Mr TEHAN (Wannon) (11:56): I rise to oppose the amendments and to speak in favour of these bills put forward to us by the newly incoming Abbott government—bills which received a clear mandate from the Australian people at the last election. That election result and the policies and approaches that were taken to the Australian people seem to be being denied in this place today.

It is not a matter of morality—of who has got the greatest morality or who believes they have the greatest morality. It is about the facts. To say that members in this House do not care about typhoons, bushfires, the worst that drought can provide to our communities or the impact that policies have on the least advantaged in our society is just wrong.

Such moral superiority should be condemned in this place, because we do care. That is why we want to make sure that those who face the greatest disadvantage will not be hit by a $550 extra cost to their living standards. It is why we want to get rid of a tax which impacts on businesses large and small, families, students and the elderly, and hurts them all equally.
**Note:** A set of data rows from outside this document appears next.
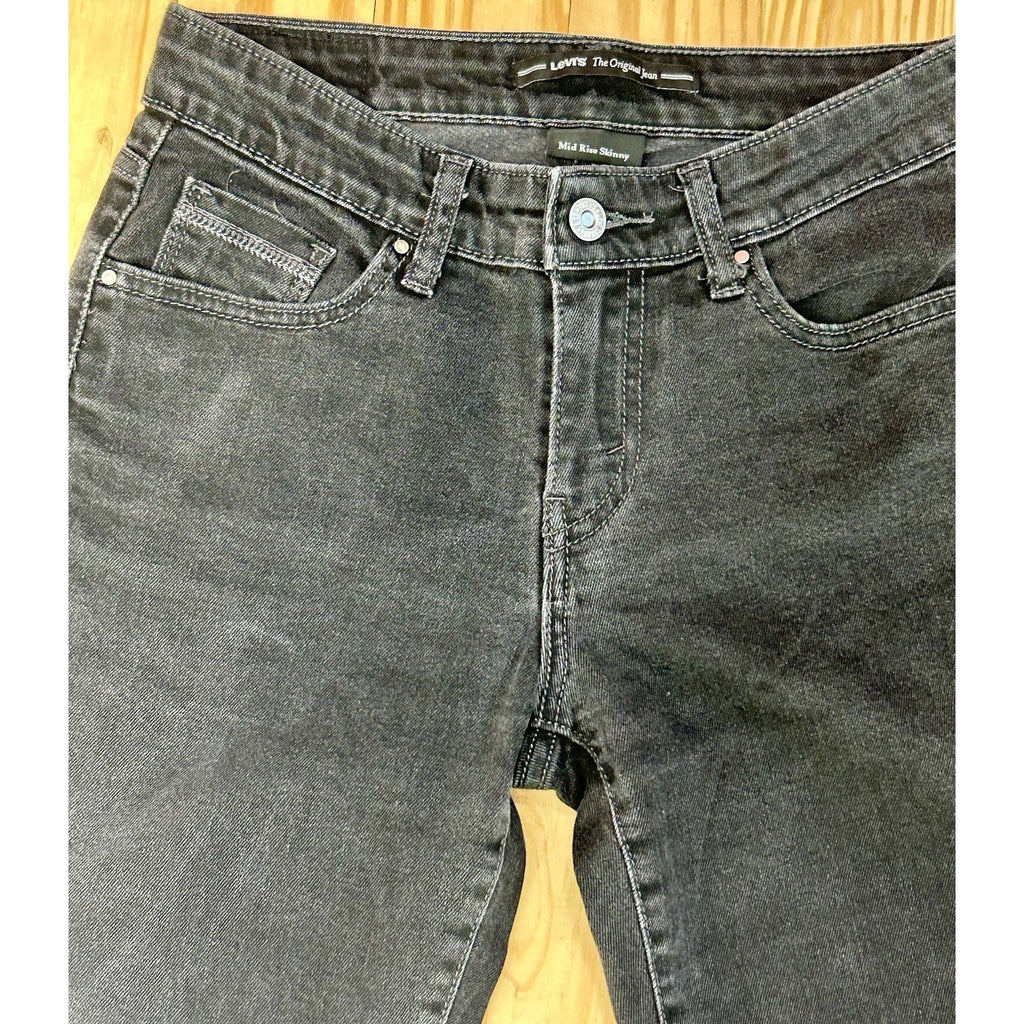 Levis Women's Jeans Size 2 Black Denim 2M Mid Rise Skinny - 1769 .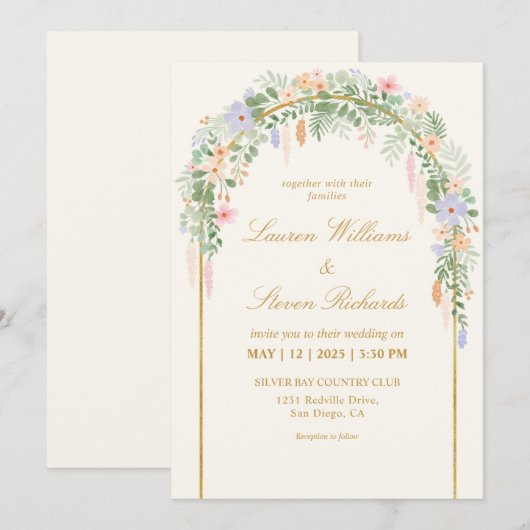 Aangepaste Beige Groen Blauw Goud Bloemen Boog Wed Kaart (Voorkant / Achterkant)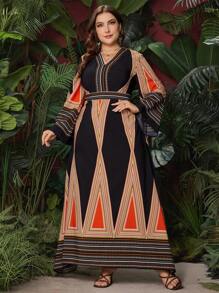 Al Najma Plus Size Women's Geometric Pattern Flare Sleeve Arabian Dress Kaftan Jalabiya Dress - Multicolor - View 1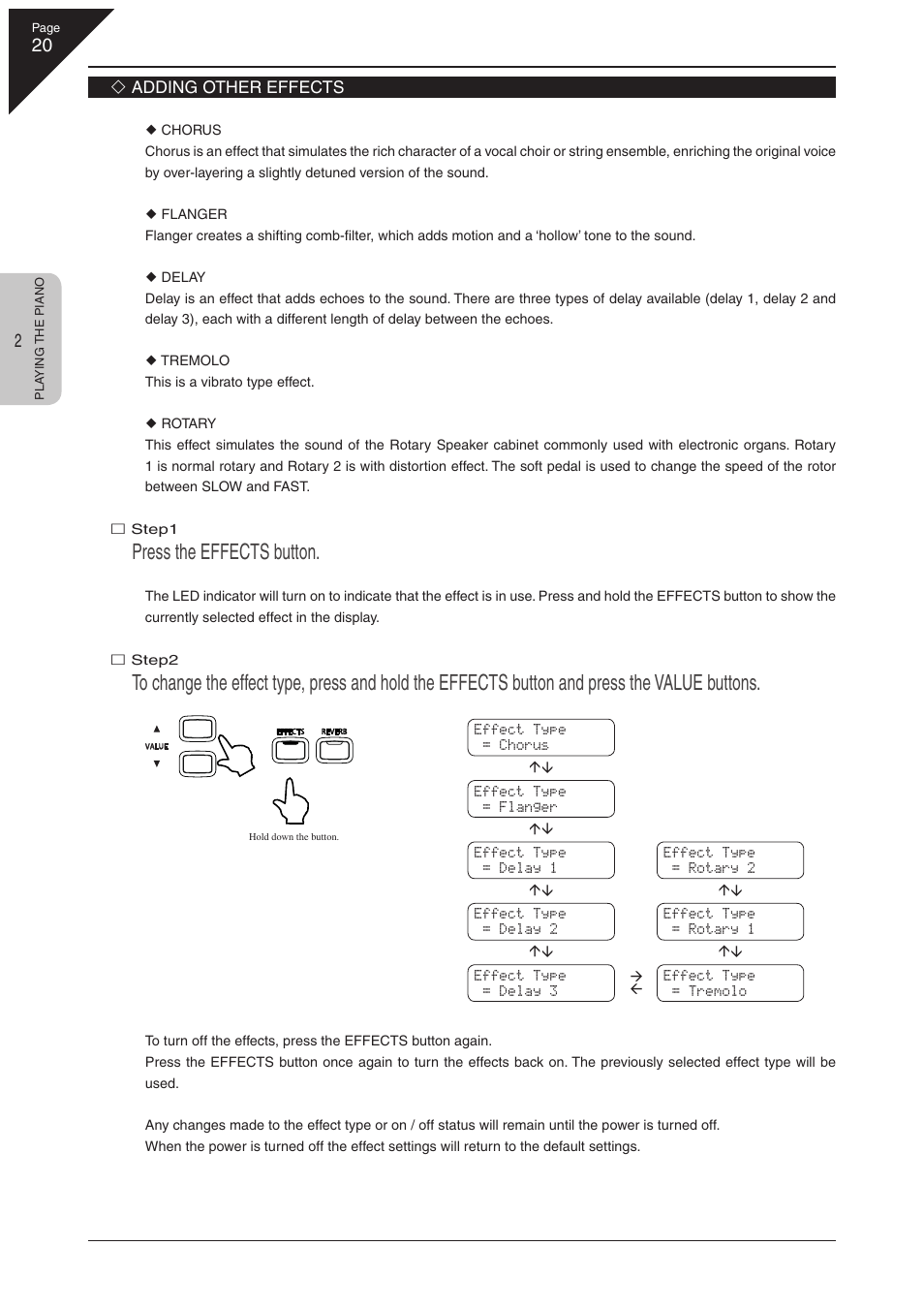 Press the effects button | Kawai CN41 User Manual | Page 20 / 80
What we on this side of the House do not want to see is a tax which reduces our international competitiveness, drives jobs offshore and hurts our society and communities. That is why we are opposed to this insidious tax—and insidious it is, because, if you look at my electorate, this tax impacts and hurts every town and every community across the 32,000 square kilometres of it. It hurts the largest employer in the town of Portland, Alcoa, which provides over 600 jobs. It hurts the dairy industry. It hurts a company like Murray-Goulburn, which has the largest processing plant in Australia, in my electorate. It hurts it significantly, because its carbon taxation bill is $14 million annually. And they have to compete on the global playing field. They have to compete against European dairy processors, who get free permits allocated at a rate of 92 per cent, yet they get nothing.

If you go to our abattoirs, they are at a disadvantage. If you go to the farmers, whether they be lamb producers, wheat producers or dairy farmers, they all suffer as a result of this tax, some to the extent that their incomes are hurt by between $7,000 and $10,000 per year.

The SPEAKER: It being 12 o'clock the debate is interrupted, and in accordance with the resolution passed earlier I call the honourable Minister for the Environment to sum up.